▶ [WORK TO COMPLETE] Below are the records; give again exactly the line with "Adosado en venta", the line with "7913 Central Park Cir Unidad Primary", and each line that lies between them, and nothing besides.

═════ DATASET ENTRIES ═════

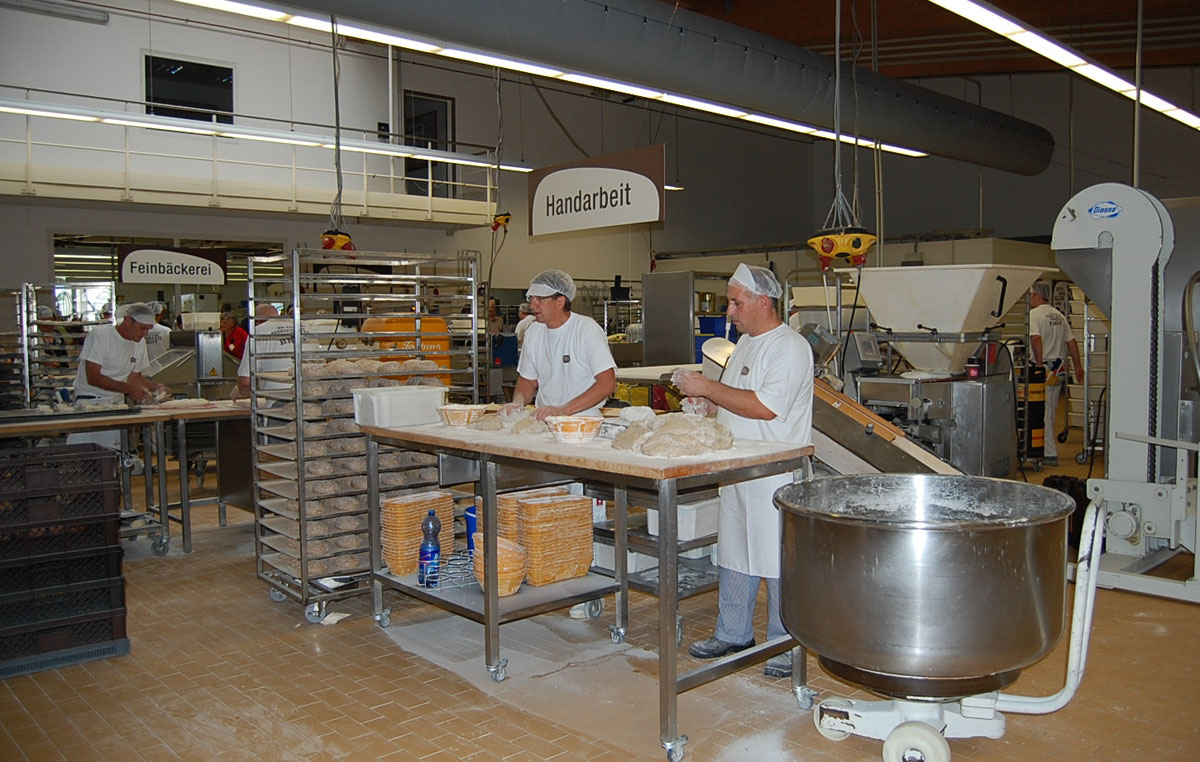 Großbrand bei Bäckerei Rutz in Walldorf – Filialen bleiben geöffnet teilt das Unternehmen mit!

═════
═════ DATASET ENTRIES ═════

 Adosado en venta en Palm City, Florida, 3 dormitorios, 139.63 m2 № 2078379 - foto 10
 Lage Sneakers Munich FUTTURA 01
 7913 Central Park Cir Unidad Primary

═════

▶ [RESPONSE]
 Adosado en venta en Palm City, Florida, 3 dormitorios, 139.63 m2 № 2078379 - foto 10
 Lage Sneakers Munich FUTTURA 01
 7913 Central Park Cir Unidad Primary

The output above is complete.